The chair of trustees at the Merchant Navy Officers Pension Fund explains why, some 20-plus years after the idea was first mooted, a permanent, independent pensions commission is still needed.
"An organisation, independent of government, needs to have lead responsibility for accumulating, analysing and publishing information about current and future pension provision and its implications for pensions policy."
I don't imagine many in the pensions sector would argue with the logic and appeal of this recommendation.
What might raise eyebrows is the fact that this conclusion was published in a report, compiled by the Pension Provision Group (PPG), set up by the recently elected Labour government way back in June 1998. It made sense then, and it makes sense now. But 26 years on, it still hasn't happened.
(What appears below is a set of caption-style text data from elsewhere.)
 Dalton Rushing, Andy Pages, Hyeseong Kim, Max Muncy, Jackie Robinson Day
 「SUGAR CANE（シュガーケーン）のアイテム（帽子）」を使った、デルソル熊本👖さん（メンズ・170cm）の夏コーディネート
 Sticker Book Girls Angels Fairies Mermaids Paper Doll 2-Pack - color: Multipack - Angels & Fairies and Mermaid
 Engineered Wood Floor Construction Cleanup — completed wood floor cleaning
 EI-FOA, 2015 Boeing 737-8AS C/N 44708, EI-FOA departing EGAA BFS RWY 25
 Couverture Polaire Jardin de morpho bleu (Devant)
In fact, many of the issues identified by the PPG, and the wider Pensions Review, to which its findings contributed, have not only persisted over the intervening quarter century but, in some cases, worsened. The Pensions Review of the late 1990s sought to address ten challenges, including "to strike the right balance between the generations" and "to tackle the growth in pensioner inequality".
However well intentioned, subsequent pensions policy has all too evidently failed to tick either of those particular boxes. A briefing on the widening wealth gap between generations, published last September by the International Longevity Centre, revealed "a startling decline in the share of wealth held by those under 40".
The Blair government did, of course, go on to appoint an independent pensions commission under Adair Turner, and to introduce legislation on its key finding in the form of auto-enrolment, which was subsequently implemented under the coalition government – a mere 15 years after the PPG was set up.
But what emerges from even a cursory read through the PPG's 26-year-old report – We All Need Pensions: The Prospects for Pension Provision – is a sense that so many of the challenges and issues it identifies remain today.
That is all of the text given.